> _PROBLEM TO SOLVE_: No pictures go into the copy. Write out exactly the lines below from the one containing "Blue Cool Marble" through the one containing "Quiksilver Eqyzt08034 Hw".

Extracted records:
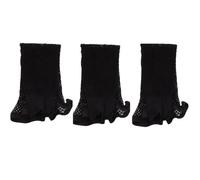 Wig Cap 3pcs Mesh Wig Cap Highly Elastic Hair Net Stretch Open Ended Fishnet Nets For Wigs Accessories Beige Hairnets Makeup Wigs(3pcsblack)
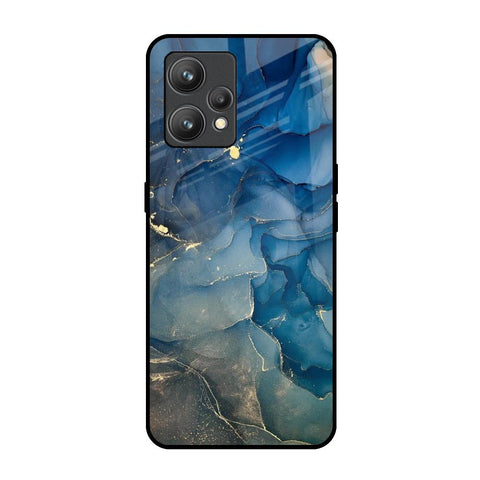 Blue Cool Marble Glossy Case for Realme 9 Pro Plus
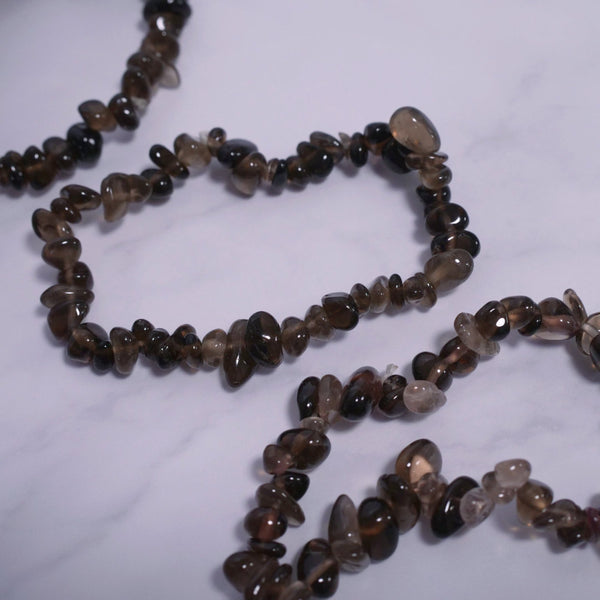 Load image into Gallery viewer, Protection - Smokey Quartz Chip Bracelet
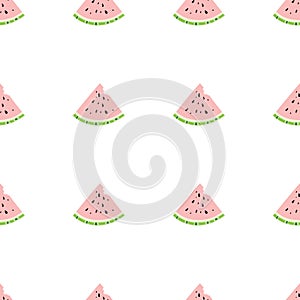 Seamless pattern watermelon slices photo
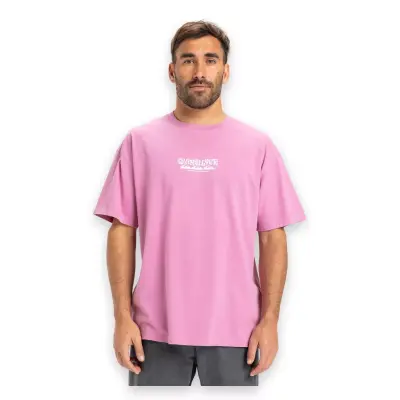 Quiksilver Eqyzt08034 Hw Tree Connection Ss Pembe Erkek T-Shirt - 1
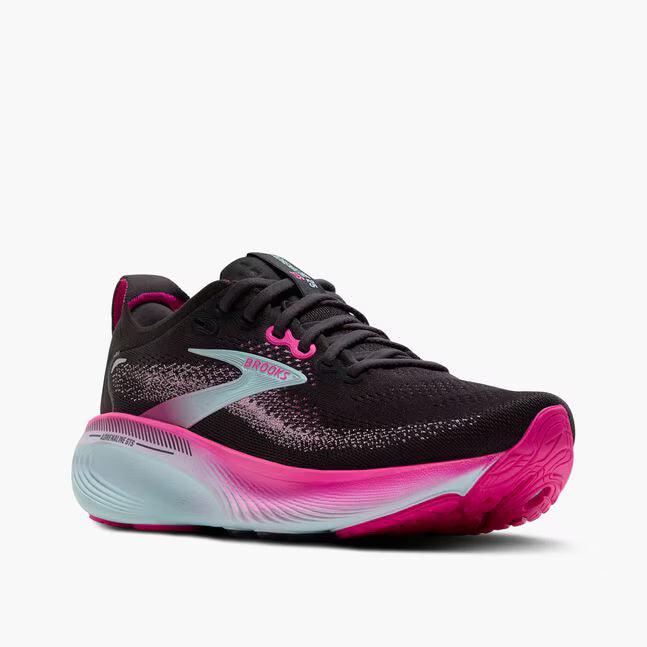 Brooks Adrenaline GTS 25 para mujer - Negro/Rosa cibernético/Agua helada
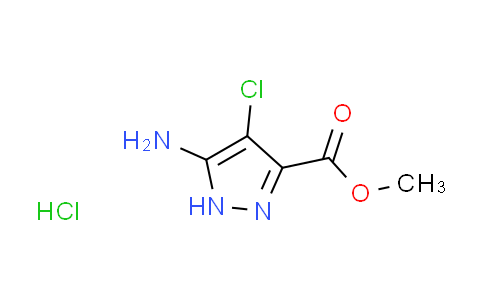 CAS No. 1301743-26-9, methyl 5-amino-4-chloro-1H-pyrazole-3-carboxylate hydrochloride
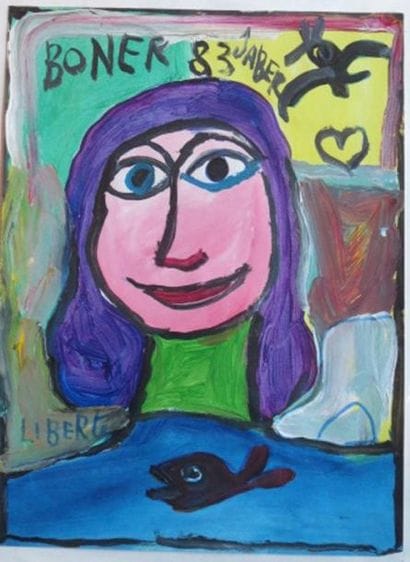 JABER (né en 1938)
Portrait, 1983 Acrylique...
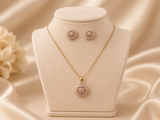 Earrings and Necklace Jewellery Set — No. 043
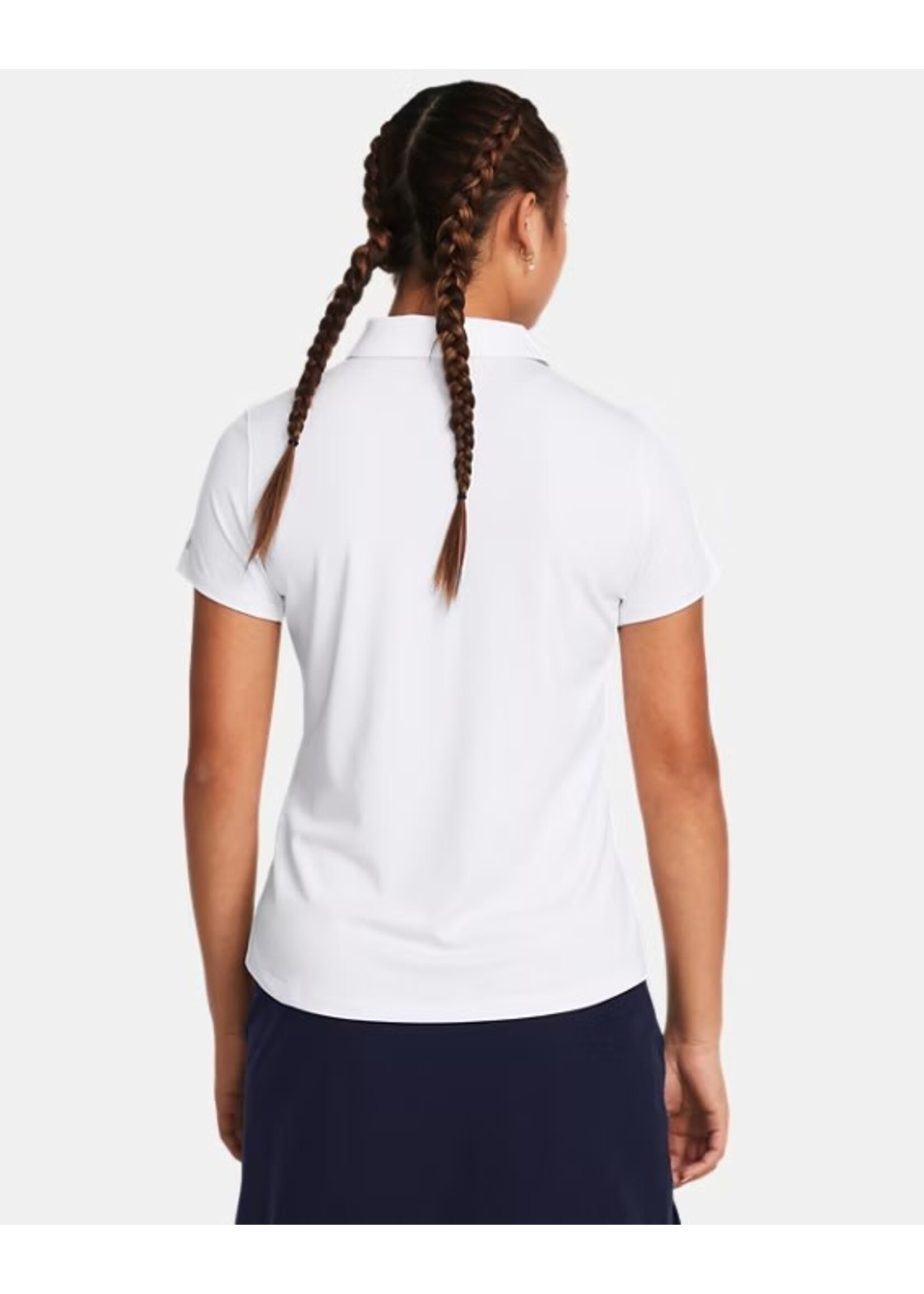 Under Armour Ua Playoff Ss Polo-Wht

> _RESULT BELOW_:
 Blue Cool Marble Glossy Case for Realme 9 Pro Plus
 Load image into Gallery viewer, Protection - Smokey Quartz Chip Bracelet
 Seamless pattern watermelon slices photo
 Quiksilver Eqyzt08034 Hw Tree Connection Ss Pembe Erkek T-Shirt - 1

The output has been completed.